Assignment >> Only one span of the material below is wanted. Output it exactly, from the line with "गाय 🐄 के पेट" through the line with "Ablation Of Sam68", without any pictures.
+++ Records for this exercise
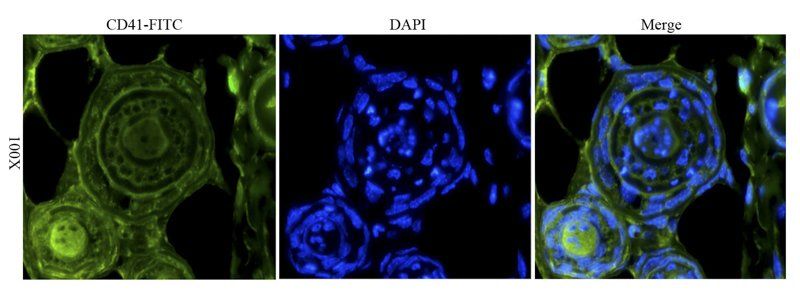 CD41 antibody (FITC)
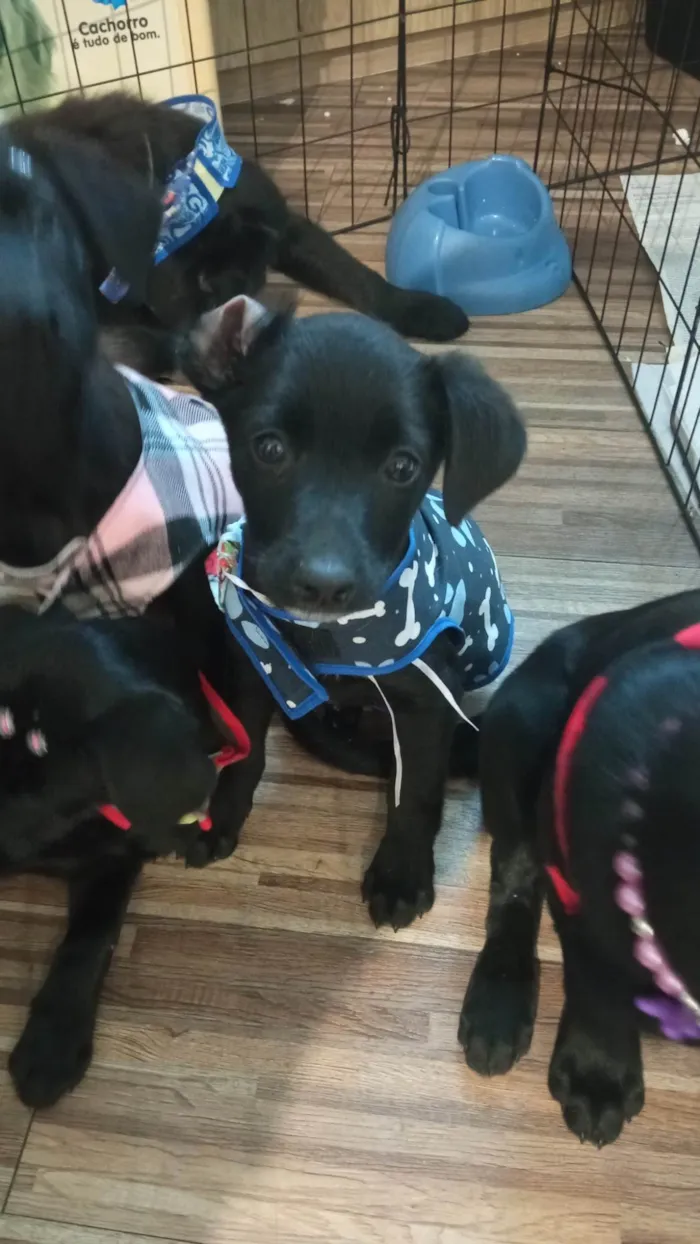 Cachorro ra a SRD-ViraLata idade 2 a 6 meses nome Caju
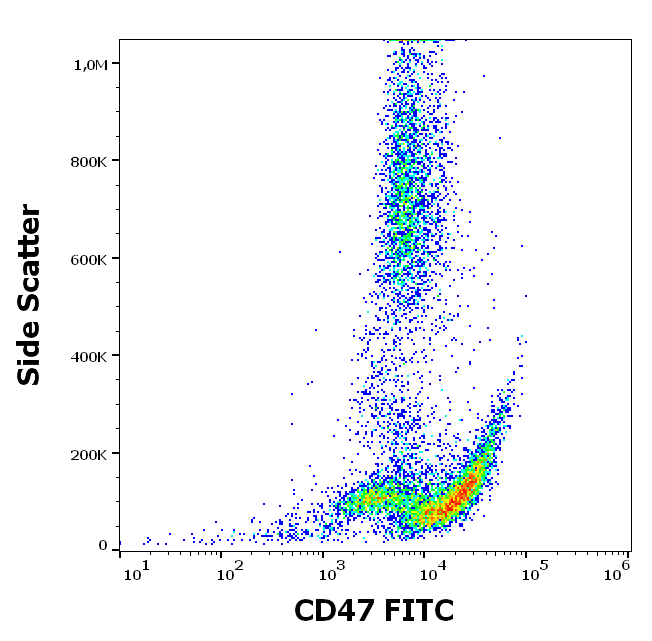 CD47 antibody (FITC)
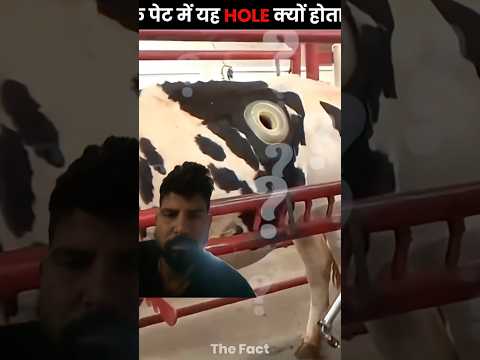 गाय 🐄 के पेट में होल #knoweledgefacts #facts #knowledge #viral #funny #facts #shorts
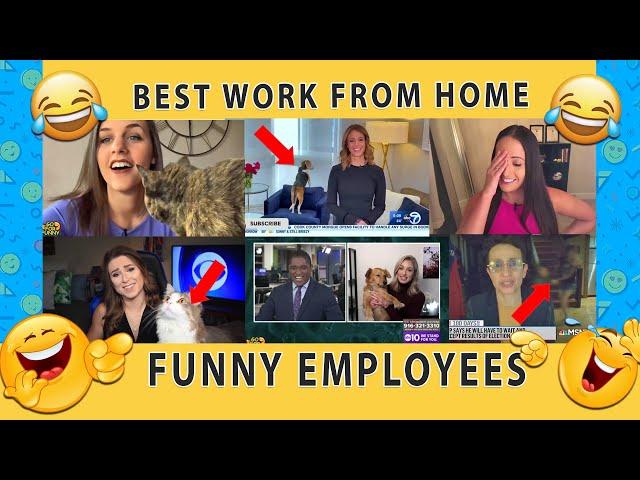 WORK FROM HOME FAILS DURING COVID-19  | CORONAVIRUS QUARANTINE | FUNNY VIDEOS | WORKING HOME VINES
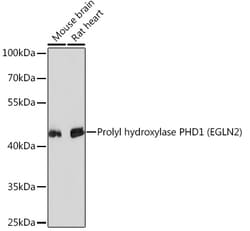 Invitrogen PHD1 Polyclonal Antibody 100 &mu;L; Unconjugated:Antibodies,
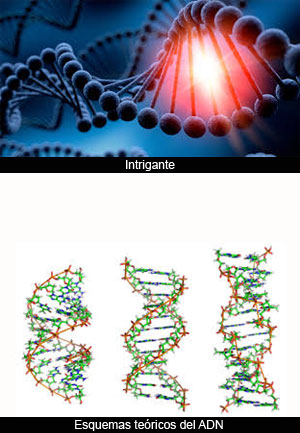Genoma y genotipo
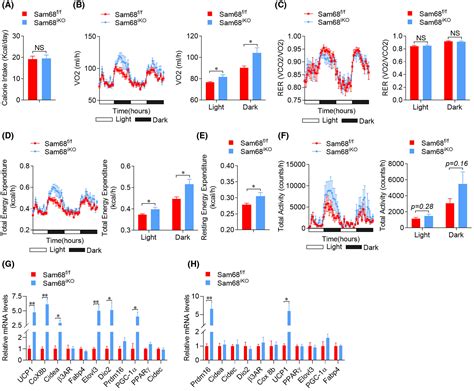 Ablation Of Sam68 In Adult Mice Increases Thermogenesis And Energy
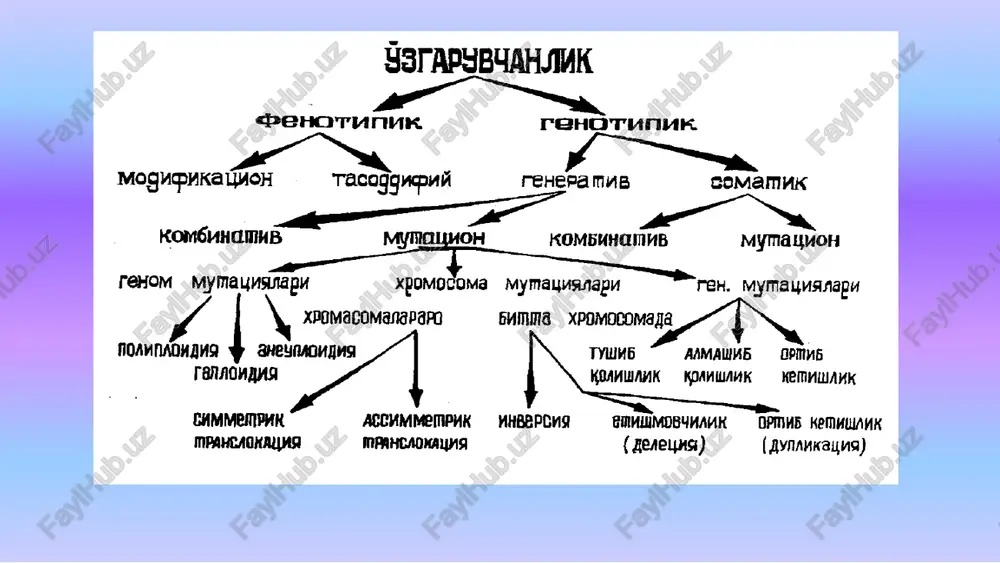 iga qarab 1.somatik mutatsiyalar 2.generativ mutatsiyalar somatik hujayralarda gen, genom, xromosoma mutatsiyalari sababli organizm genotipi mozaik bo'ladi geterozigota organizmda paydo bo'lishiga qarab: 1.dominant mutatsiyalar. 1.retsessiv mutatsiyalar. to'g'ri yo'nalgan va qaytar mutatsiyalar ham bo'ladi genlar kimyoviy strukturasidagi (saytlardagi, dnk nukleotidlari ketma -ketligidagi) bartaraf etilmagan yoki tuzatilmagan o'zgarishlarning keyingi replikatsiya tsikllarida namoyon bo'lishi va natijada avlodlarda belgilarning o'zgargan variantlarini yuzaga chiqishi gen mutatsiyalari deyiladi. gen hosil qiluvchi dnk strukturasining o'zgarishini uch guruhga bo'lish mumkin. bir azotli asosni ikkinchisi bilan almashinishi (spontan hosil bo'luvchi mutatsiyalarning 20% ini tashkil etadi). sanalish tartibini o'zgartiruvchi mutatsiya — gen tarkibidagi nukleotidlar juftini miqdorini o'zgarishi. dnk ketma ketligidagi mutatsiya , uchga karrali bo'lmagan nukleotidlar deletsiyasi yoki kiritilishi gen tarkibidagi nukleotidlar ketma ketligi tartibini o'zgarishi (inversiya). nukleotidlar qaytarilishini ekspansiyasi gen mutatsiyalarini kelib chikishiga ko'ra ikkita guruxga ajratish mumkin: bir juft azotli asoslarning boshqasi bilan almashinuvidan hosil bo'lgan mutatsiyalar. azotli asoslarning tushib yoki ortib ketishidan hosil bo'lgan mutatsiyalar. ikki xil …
++++++
Your response >>
 गाय 🐄 के पेट में होल #knoweledgefacts #facts #knowledge #viral #funny #facts #shorts
 WORK FROM HOME FAILS DURING COVID-19  | CORONAVIRUS QUARANTINE | FUNNY VIDEOS | WORKING HOME VINES
 Invitrogen PHD1 Polyclonal Antibody 100 &mu;L; Unconjugated:Antibodies,
Genoma y genotipo
 Ablation Of Sam68 In Adult Mice Increases Thermogenesis And Energy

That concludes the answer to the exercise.